Representative Austen Schauer (R-West Fargo)

BISMARCK, ND (KFGO/PRAIRIE PUBLIC) – An Interim Legislative Committee has voted to send two bills to North Dakota’s Legislative Management Committee to change the state employees’ pension plan to a “defined contribution” plan. “.

It is currently a “defined benefit” plan.

The change would not affect employees already enrolled in the plan. This would start with new employees hired after January 1, 2024 or 2025.

The committee was tasked with proposing a bill to move to a defined contribution plan.

West Fargo Republican Representative Austen Schauer said in 2013 that the unfunded liability for the current retirement program reached $1 billion. He said now it’s $1.7 billion.

“It’s a failure on the part of our team and our state and we have to understand that,” Schauer said. “No one likes change. No one likes the idea of ​​going from one plan to another. The pension plan has worked well for those who have worked for many, many years. We have to honor and respect that, but at the same time, we have a major problem. So, yes, it may be a historical overhaul, but we have no other choice.

House Minority Leader Josh Boschee of Fargo said he could not support the change.
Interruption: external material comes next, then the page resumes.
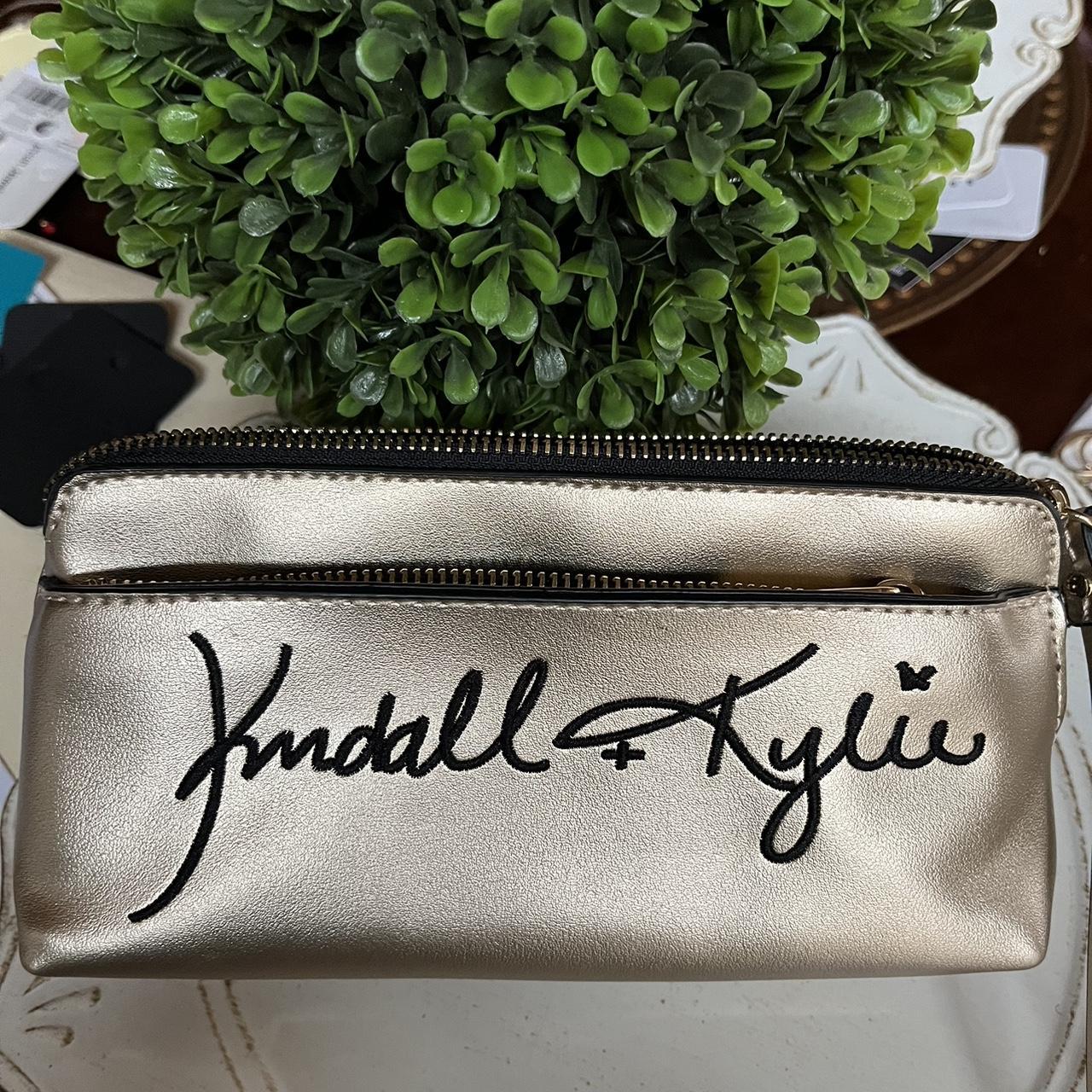 Kendall and kylie discount wallet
“With us limited in the ability to explore other options or find ways to correct the current plan and – as Rep. Schauer mentioned, it is our own undoing by the inability of the Legislature to act before,” Boschee said.

The committee’s vote was 9 to 3 in favor of the bills.

If the Legislative Management Committee approves them, they will be introduced in the 2023 legislative session.